Thereafter, a very brief narration of the pleadings and then very brief narration of the findings of the trial court are mentioned. The appellate judge thereafter formulates points, discusses the case and arrives at a conclusion. If the finding of the appellate judge are totally in agreement with the findings of the trial judge the appeal is dismissed.

If there is any variance between the findings of the trail court and the appellate court, the decree is suitably amended in terms of the judgment of the appellate court.

The rules such as the judgment should not be prolix or laconic, that the judgment should not be exhibition of the sentiments and feelings of the judge and the judgment should not contain matters which are not on record hold good so far as the appellate judgments are concerned also.


However, an appellate judge may have to explicitly state why he is not agreeing with the finding of the trial court, if the judgment is not a confirming judgment. It is the duty of the appellate court to point out where the trial court erred or in what respect the appellate court is disagreeing with the view of the trail court.

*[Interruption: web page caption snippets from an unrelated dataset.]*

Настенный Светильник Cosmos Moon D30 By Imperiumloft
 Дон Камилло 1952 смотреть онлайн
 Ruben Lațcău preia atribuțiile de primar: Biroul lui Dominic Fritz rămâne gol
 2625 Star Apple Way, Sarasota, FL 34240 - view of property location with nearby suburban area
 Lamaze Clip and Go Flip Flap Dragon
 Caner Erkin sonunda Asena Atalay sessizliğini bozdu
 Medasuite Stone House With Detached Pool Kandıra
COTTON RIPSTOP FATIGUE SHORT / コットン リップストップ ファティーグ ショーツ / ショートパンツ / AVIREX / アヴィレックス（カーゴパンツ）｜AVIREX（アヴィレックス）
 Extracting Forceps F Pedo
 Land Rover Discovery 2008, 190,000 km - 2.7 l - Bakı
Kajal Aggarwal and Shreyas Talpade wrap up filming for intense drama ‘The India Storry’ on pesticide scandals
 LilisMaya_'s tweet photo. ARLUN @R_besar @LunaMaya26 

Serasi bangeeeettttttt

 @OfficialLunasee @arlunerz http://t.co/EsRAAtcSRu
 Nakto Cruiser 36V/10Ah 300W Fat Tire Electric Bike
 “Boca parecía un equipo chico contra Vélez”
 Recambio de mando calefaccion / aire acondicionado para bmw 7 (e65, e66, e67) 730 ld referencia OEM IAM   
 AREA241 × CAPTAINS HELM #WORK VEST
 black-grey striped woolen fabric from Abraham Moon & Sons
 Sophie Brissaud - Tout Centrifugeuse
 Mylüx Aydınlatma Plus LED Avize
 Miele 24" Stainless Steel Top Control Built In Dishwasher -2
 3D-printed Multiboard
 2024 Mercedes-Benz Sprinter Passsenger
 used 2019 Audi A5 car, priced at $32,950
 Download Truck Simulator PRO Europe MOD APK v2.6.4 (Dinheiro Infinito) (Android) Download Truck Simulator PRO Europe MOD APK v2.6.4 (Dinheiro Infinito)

When a confirming judgment is pronounced by the appellate court, the appellate court need not explicitly state why it is agreeing with the finding of the trial court. That is why, essentially the appeal judgments are brief when they are confirming judgments.

When an appeal judgment is pronounced, the judge is not expected to pass remarks against the trial judge unless the trail judgment is totally perverse.

Very recently it was observed by the Supreme Court that the appellate courts including the High Courts shall refrain themselves from making disparaging remarks against the trial judgments lest the confidence of the people in the courts should be shattered.


Therefore, while a judge intends to pass a remark against the trail judge, the dictum in respect of strictures should be borne in mind. Merely because the trial judge did not take the same view as the appellate court has taken, it cannot be said that the view of the trial judge was perverse.

So long as it is possible for the court to reverse the order of the trial court without passing remarks against the trial judge, it is not desirable to comment upon the view of the trial judge. The appeal judgment should be of the same sobriety as that of the trial judgment and the sobriety does not warrant unnecessary remarks.

The appeal judgments even in civil miscellaneous appeals are far less complicated than the regular appeals.

Usually the point of controversy in a civil miscellaneous appeal would be very narrow. While the civil miscellaneous appeal shall be disposed of following the same rule as regular appeals, as the points of controversy are very few, the judgment in the civil miscellaneous appeal usually are short and brief.